Hi all - sorry if this is posted incorrectly (it could perhaps go in the extending lightroom forum???). I purchased a lens that is relatively new on the market and it's a UWA (Laowa Venus 15mm macro). Read some articles and the price seemed reasonable... I really like it, but there is only a LR profile for the Venus 60mm. I tried to make my own but the ALPC keeps having issues finding my grid properly (only seems to be able to process 2 out of 9). I did sets of 9 as the manual explained at different apertures and focal lengths - but I'm not getting it to work. After quite a bit of effort (DNGs were too large, jpgs worked, but cannot evidently be used for raw files, etc), I'm stuck. Anyone used ALPC a bit? Could perhaps easily see what I'm doing wrong? Again, the error is that it cannot find good grid detection: 







The interesting thing is that all the failed photos show a little red circle on every single grid corner:






It seems like it's identifying the grid? I did a bunch of different measurements with the Ruler tool (to no avail). Am I doing something wrong that's really simple to fix??? Thanks in advance for any help.


----------



## Victoria Bampton (Oct 20, 2015)

I haven't used it for a long time.  I notice that the filenames of a number of the dng files have exclamation marks against them, but I'm not certain why.  My initial thought was whether it's the glare on some of the photos.


----------



## tboydva (Oct 21, 2015)

Thanks for the reply. I got the pictures shot at f4 to "work" (8 out of the set of 9). I created the profile and placed it in the directory it was supposed to... It doesn't show up as an option in LR sadly - but I haven't had time to troubleshoot that issue... It's a process (always).... Thanks again!


----------



## Victoria Bampton (Oct 21, 2015)

Nothing's ever simple, is it!  They need to go in:

Windows—C: \ Users \ [your username] \ AppData \ Roaming \ Adobe \ CameraRaw \ LensProfiles \
Mac—Macintosh HD / Users / [your username] / Library / Application Support / Adobe / CameraRaw / LensProfiles /


----------



## Hoggy (Oct 22, 2015)

...  And if you can't get it to work with _those_ directories - I've found my LR to inexplicably be pulling lens profiles from similar directory names under _*c:\ProgramData*_.  oy vey!


----------



## tboydva (Oct 22, 2015)

Okay, on travel and hotel wifi not working... Will try when I can log back in...  Took a bunch of pictures with the Venus 15mm today.
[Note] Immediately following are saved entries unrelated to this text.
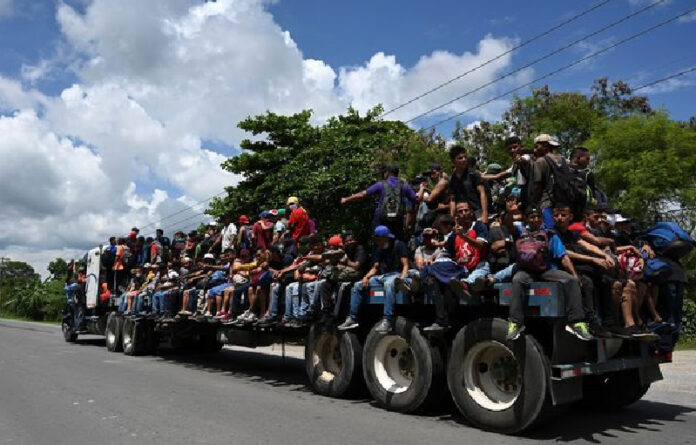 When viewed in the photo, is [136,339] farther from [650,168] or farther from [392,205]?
[650,168]

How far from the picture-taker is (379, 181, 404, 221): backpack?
306 inches

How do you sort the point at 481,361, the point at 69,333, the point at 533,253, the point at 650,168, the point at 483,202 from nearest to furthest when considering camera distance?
the point at 533,253 < the point at 481,361 < the point at 483,202 < the point at 650,168 < the point at 69,333

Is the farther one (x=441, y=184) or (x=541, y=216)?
(x=441, y=184)

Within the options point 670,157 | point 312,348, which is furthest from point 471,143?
point 312,348

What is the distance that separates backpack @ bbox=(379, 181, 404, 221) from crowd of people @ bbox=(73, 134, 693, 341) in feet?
0.05

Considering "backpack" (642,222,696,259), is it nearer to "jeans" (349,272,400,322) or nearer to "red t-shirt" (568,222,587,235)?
"red t-shirt" (568,222,587,235)

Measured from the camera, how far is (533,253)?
17.1 feet

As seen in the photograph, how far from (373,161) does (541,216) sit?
49.1 feet

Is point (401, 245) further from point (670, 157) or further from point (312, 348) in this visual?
point (670, 157)

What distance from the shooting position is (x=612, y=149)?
1706 centimetres

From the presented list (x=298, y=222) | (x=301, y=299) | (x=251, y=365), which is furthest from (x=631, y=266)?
(x=251, y=365)

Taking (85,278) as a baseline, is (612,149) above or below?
above

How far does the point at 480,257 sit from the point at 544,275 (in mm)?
886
Other than (correctable?) distortion, the lens really seems good!


----------



## tboydva (Oct 22, 2015)

Quick followup - got it worked out. I tried copying into every possible location - still didn't show up (so I thought). LR filed it under "Sony" not "Sony E" or "Sony FE" or "Venus Optics" (I named it like the profile in \ProgramData\....Venus Optics\. It's now there and works pretty well. Thanks for the help. Now I'll know how to do it! I may tape my chart back up and adjust the lighting (there is some shine from the harsh lighting). There are also a bunch of options in the ALPC software which could be investigated... Thanks all for the help!


----------